Dave Nick: a Personal Reminiscence
I joined the Crake Valley club in about 2005, so the first half of Dave’s playing career is something I know only by hearsay. I know he wandered into the club out of curiosity because he lived half a mile away. I know he showed an instant aptitude for croquet: so great an aptitude that Gail Curry (at that time a leading figure in the women’s game) would come over from the North East on her motor bike, on a regular basis, in order to coach him. And I know he took part in the 24-hour game between Crake and Southport, floodlit through the night by car headlights, and won by Crake.
By the time I joined Crake, Dave was long established as its best player, and one of a handful of top players in the North West. I had played croquet for 20 years before coming to live in Cumbria, and with a handicap of 0 or thereabouts thought I understood the game, and was quite good at it. Playing A class doubles as Dave’s partner quickly taught me two things: the first was that I knew far less about the game than I had thought I knew.

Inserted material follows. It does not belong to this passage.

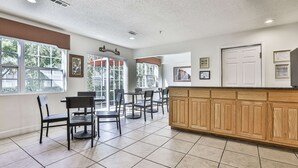 A spacious room with a kitchen area, dining tables, and chairs. - Best Western Mountain View Inn (Ellijay)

At the end of an opponent’s turn he would walk on to the lawn, take a quick glance at the balls, and immediately suggest two or three or half a dozen lines of play, none of which would have occurred to me in half a lifetime.
The second thing he taught me was how enjoyable croquet can be. ‘A’ class tournaments, where you don’t know very many of the participants, can be intimidating. Enjoyable if you are playing well, but otherwise pretty lonely. I never really enjoyed the game before I came to Crake. In my experience, and a lot of people in the North West would say the same, a tournament where Dave was playing was a whole lot more fun than one where he wasn’t; and that was even more true of a tournament where he was managing. I’ve watched him managing tournaments at Crake, and it was clear that for him, there was a whole lot more to it than getting all the games played in the time available. He really wanted everyone taking part to go away feeling they had had an enjoyable weekend.
My guess is Dave left school at 14, and had no formal education after that. But he was probably the most intelligent and quick-witted person I have known. Quicker and sharper than other people when it came to seeing possibilities in play, and equally quick and sharp when it came to possibilities for humour. I remember an end-of-season Crake do, when he was chairman of the club (a job he hated). He was drawing the raffle prizes, and it turned out I had the winning ticket for the last prize. ‘Oh good,’ he said without hesitation, ‘I’m glad he’s won something.’ Fractional pause. ‘He hasn’t won anything else this year.’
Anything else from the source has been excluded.